● **Data shown**:
==================================================

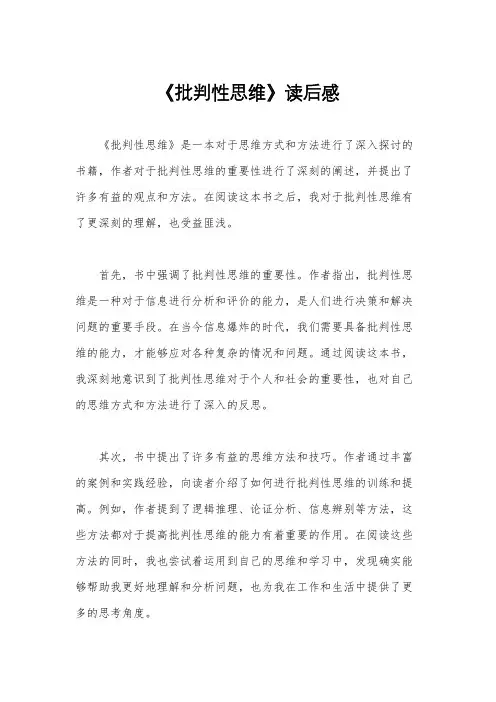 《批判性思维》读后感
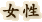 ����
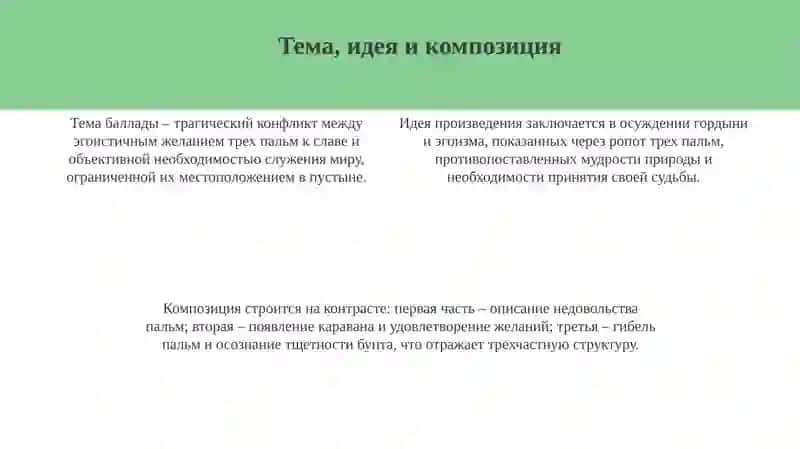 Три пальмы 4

==================================================

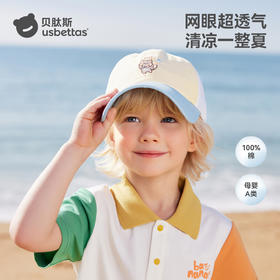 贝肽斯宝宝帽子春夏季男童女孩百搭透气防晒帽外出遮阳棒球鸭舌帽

==================================================

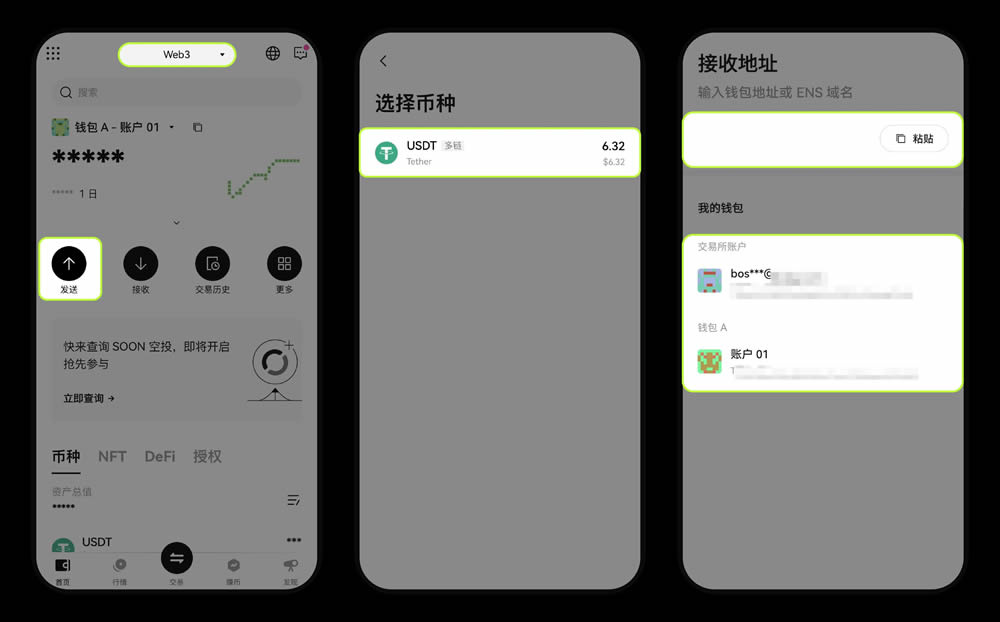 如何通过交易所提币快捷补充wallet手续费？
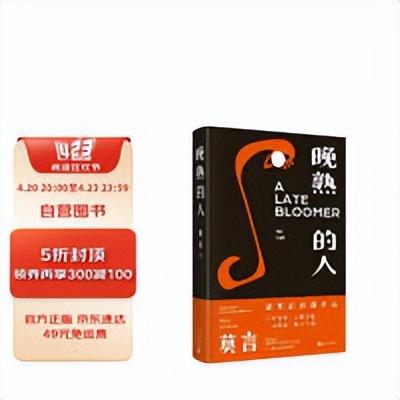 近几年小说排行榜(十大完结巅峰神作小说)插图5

==================================================

● **Your goal**:
Beginning with the line that contains "如何通过交易所提币快捷补充wallet手续费？" and ending with the line that contains "近几年小说排行榜(十大完结巅峰神作小说)插图5", reproduce the listing exactly, pictures excluded.

● **Response to the exercise**:
 如何通过交易所提币快捷补充wallet手续费？
 近几年小说排行榜(十大完结巅峰神作小说)插图5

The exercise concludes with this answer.